Durch mein Studium der Sozialen Arbeit habe ich die notwendigen Fähigkeiten, um diese Ziele zu erreichen.

Was gefällt Ihnen besonders gut an Ihrer Gemeinde?

Die Offenheit, mit der unsere Bürger auf Menschen zugehen, natürlich der See und der Zusammenhalt, der sowohl bei gemeinsamen Festen als auch im täglichen Miteinander sichtbar ist. Auch möchte ich die vielfältige und hervorragende Vereinsarbeit hervorheben.

Welche Projekte wollen Sie in den nächsten Jahren angehen/umsetzen?
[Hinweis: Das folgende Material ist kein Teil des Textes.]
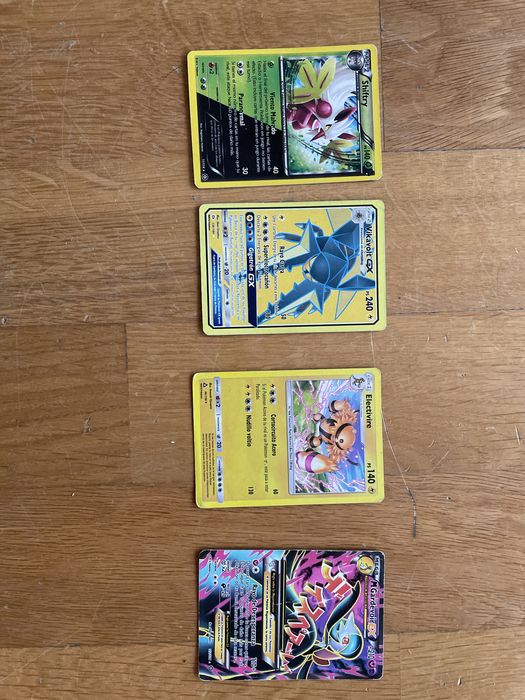 12 Cartas Pokémon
Transparente Kommunikation in unsere Gemeinde! Unsere Bürger sollen durch Bürgersprechstunden und themenorientierte Bürgerversammlungen die Möglichkeit bekommen, ihre Gedanken mitzuteilen, sich über aktuelle Projekte informieren und, wenn möglich, auch an deren Entwicklung teilhaben.

Interkommunale Zusammenarbeit intensivieren! Die Zusammenarbeit der umliegenden Gemeinden ist für uns alle überlebensnotwendig. Das Regionalwerk zur wirtschaftlichen Förderung der Region und als erster Schritt zur regionalen Energieversorgung ist dafür wegweisend. Die Ökomodellregion bietet große Chancen in der Landwirtschaft, im Tourismus und im Leerstandsmanagement, die wir nutzen müssen.

Die Ortsdurchfahrung in Tengling soll noch in diesem Jahr gebaut werden. Ich möchte dieses Projekt und seine Auswirkungen nochmal in einer Bürgerversammlung vorstellen.

Kinderkrippe, Kindergarten und Schule fit für die Zukunft! Die Erweiterung von Krippe und Kindergarten sowie Schule und Mittagsbetreuung müssen zukunftsorientiert verfolgt werden. Sie sind der Grundstein für den Zuzug junger Familien in unsere Gemeinde und diese sind der Garant dafür, dass unsere Orte nicht zu einer verlassenen Region werden.